Thoughts on thoughts

10/21/21


Thoughts. They come and go. But they are always there. Sometimes they provide pure happiness, sometimes they trigger discomfort in us. Thoughts dominate our actions, our everyday life, how we encounter ourselves and others. Are we even aware of their power? What would happen if we simply titled our thoughts as thoughts, identified less with them?

 

Have you ever had a situation where you were talking to a close friend and told him/her about your fears and that friend asked you the counter question, "But why do you think that?" Once we are confronted with the question, we quickly run out of answers. Where do these fears, worries, blocks, emotions come from? They arise on the basis of experiences that we have had as well as those that have been brought to us. These experiences are the ideal breeding ground for thoughts - positive and negative. 

 

A conscious encounter with our own thoughts is therefore essential for our mental and physical well-being. Daily mindfulness helps us to unmask deeply anchored beliefs and thus practice more self-love.

 

My way to organize my thoughts are meditation on the one hand and writing on the other hand - often the combination of both. In meditation I give myself the space to observe. I observe what thoughts arise, how those thoughts make me feel, and how much I identify with them.
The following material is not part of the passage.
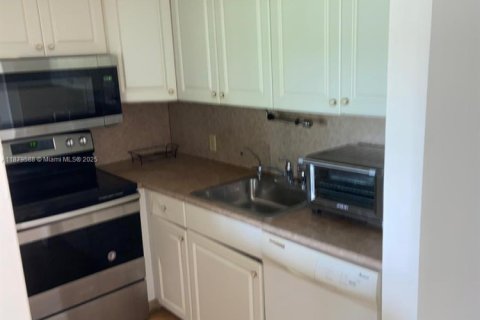 Condominio en alquiler en Boca Raton, Florida, 1 dormitorio, 54.35 m2 № 1978160 - foto 2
I try to put myself in the position of an investigator who observes his subjects behind a mirrored windowpane. It took quite a while until my first reaction was no longer to open my eyes and banish my feelings, but to endure it. I think that's the hardest thing in a noisy world like ours. We are used to finding an instant distraction just when we need it. 
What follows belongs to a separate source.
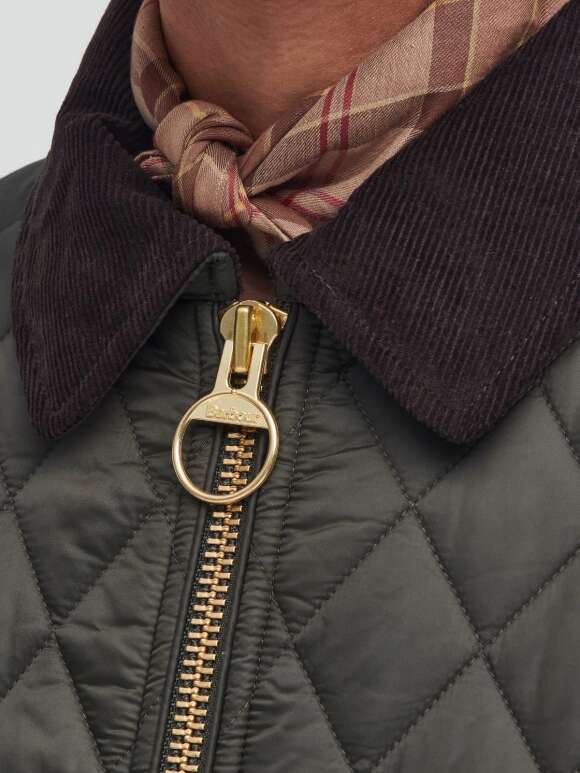 BARBOUR - FITTED BEADNELL Quilt Jakke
One exercise that has helped me along the way is distancing myself from my thoughts. By now I am aware that I am not my thoughts, but the implementation is lacking from time to time. 

 

Pema Chödron, a Buddhist nun, talked in her book When things fall apart about teaching a trick for dealing with one's thoughts. Namely, she recommends keeping the monkey-mind in check by saying "thinking" in your head whenever a thought comes up. Meekly and compassionately, we can use this to push our thoughts aside and can remain in a calm and relaxed state, because often they are just thoughts that merely want to keep us busy and are less in need of our deep devotion.

 

If thoughts arise that are not just about trivialities, but reveal deep beliefs, then it helps to discover these in meditation and then to deal with them. In my case, this is my journal. I take it in my hand and just start writing. Now all thoughts get their space and are written down. In the course of the writing process a solution for the problem is found as if by itself or if this is not the case, it is now a more present topic for me, which I want to pay more attention to from now on in order to be able to find a solution. 

 

In this way I filter my thoughts and break it down to the most necessary. Because not all thoughts are equal and need your attention. There are rather a few thoughts where it is worth listening to. These will open your eyes.